Sweden is cognizant of these threats and is taking steps in response. All public agencies are required to undertake a security analysis to identify vital critical infrastructure within its remit and to identify and assess potential risks.
The purpose of critical infrastructure protection policy in Sweden is twofold. Firstly, to improve awareness, build resilience and prevent attacks, and to respond and recover from incidents and crises where they do occur. The second aim is to increase cooperation for prevention between all relevant stakeholders, including public and private actors, as well at regional and international level.
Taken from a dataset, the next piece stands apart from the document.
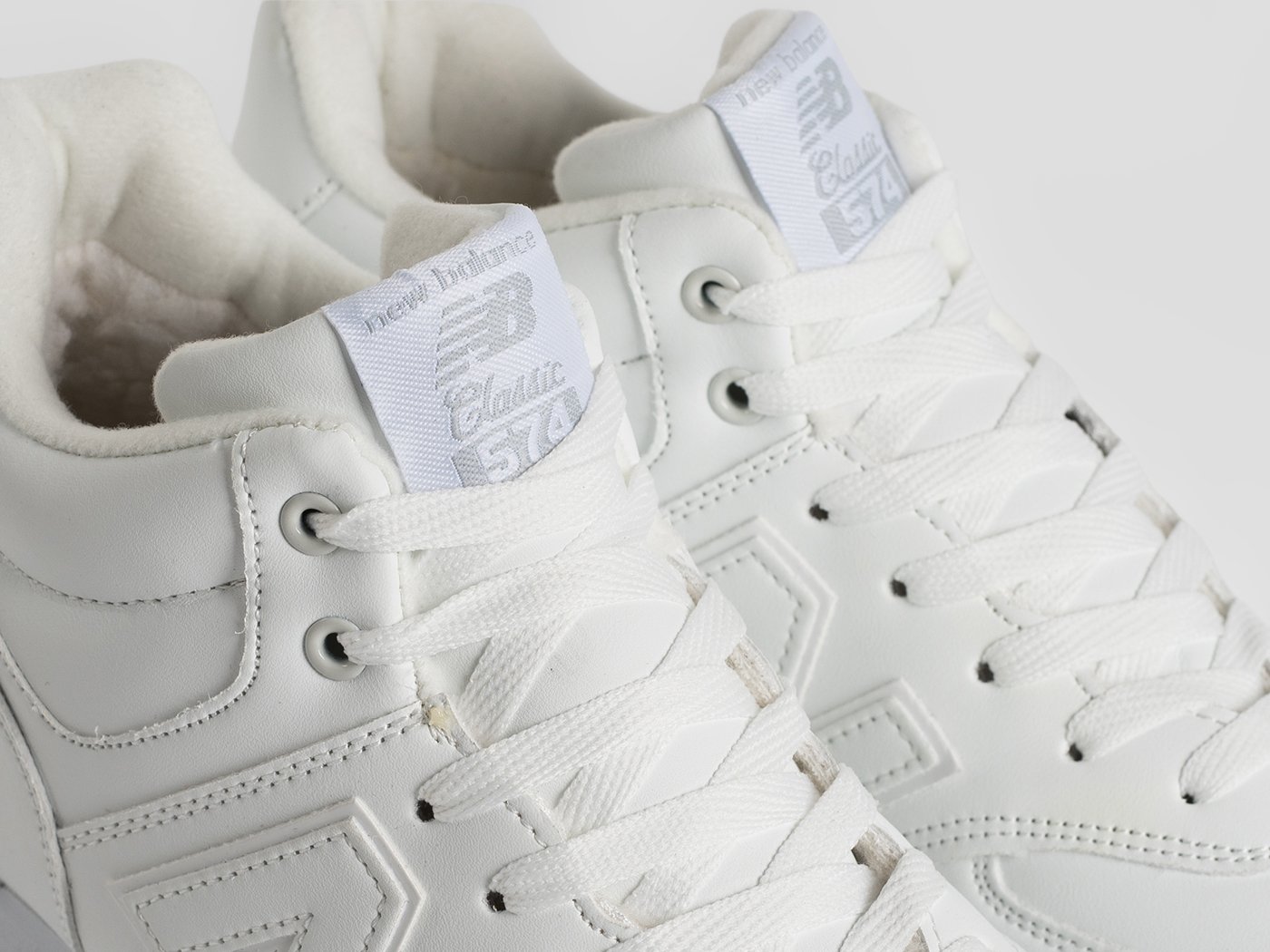 Зимние Кроссовки New Balance 574 Mid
The importance of joint exercises and training involving different actors cannot be stressed enough. In Sweden, the Counter-Terrorism Cooperation Council brings together relevant actors to jointly increase national capacity. Sweden's approach involves a broad range of domestic actors including law enforcement, intelligence and security authorities, the Swedish Civil Contingencies Agency, sector specific agencies, regional and local authorities, and the private sector actors that own and operate critical infrastructure.
Increasing society's capacity to prevent, respond to and mitigate major IT-incidents, which could impact on the whole of society, is a priority for the Swedish government. In this regard, in 2016 we launched a national system for mandatory reporting of IT-incidents for all government agencies. In 2018, as part of the EU Directive on security in network information systems, such reporting will become mandatory, for both public and private actors, in large parts of our most vital infrastructure.
Sweden is working with its partners in the European Union to ensure a regional approach. Under article 222 of the Lisbon Treaty, the EU and its Member States are committed to acting in solidarity within any Member State that is the object of a terrorist attack. Within the framework of the European Programme for Critical Infrastructure Protection, the EU has put in place a range of initiatives to address the protection of critical infrastructure. The EU approach is not only focused on the threats from terrorist attacks, but also on those from criminal activities, natural disasters and accidents. Having a coordinated approach within the EU is essential considering the level of interdependence amongst member-states. Sweden supports several EU programmes aimed at protecting critical infrastructure within the region. This includes efforts build capacity in disaster and risk management in the Balkans and Turkey.
The Swedish Civil Contingencies Authority is also part of a number of organisations created to improve the capacities of member states in matters related to civil protection and preparedness, such as the Council of the Baltic Sea States (CBSS) and the Arctic Council. The Authority also represents Sweden in the Barents Euro-Arctic Council (BEAC), which is a forum for intergovernmental cooperation in the Barents Sea area in order to support and promote regional cooperation in the northernmost parts of Sweden, Norway, Finland and the north-western parts of Russia. Iceland and Denmark are also members.
There must be accountability for all acts of terrorism, including by holding perpetrators, organisers, and sponsors of terrorist attacks responsible. Measures to counter terrorism must be taken in accordance with international law, including human rights law and international humanitarian law.
We welcome the fact that the resolution adopted today encourages the Counter-terrorism Committee (CTC) to continue to examine these important issues. The country visits by the Counter-terrorism Executive Directorate has resulted in valuable knowledge and expertise, and the potential for states to draw on best practices.
We must be vigilant and prepared in order to prevent and mitigate terrorist attacks on critical infrastructure and we must be ready to respond when such attacks do take place. Only by working together can we do this.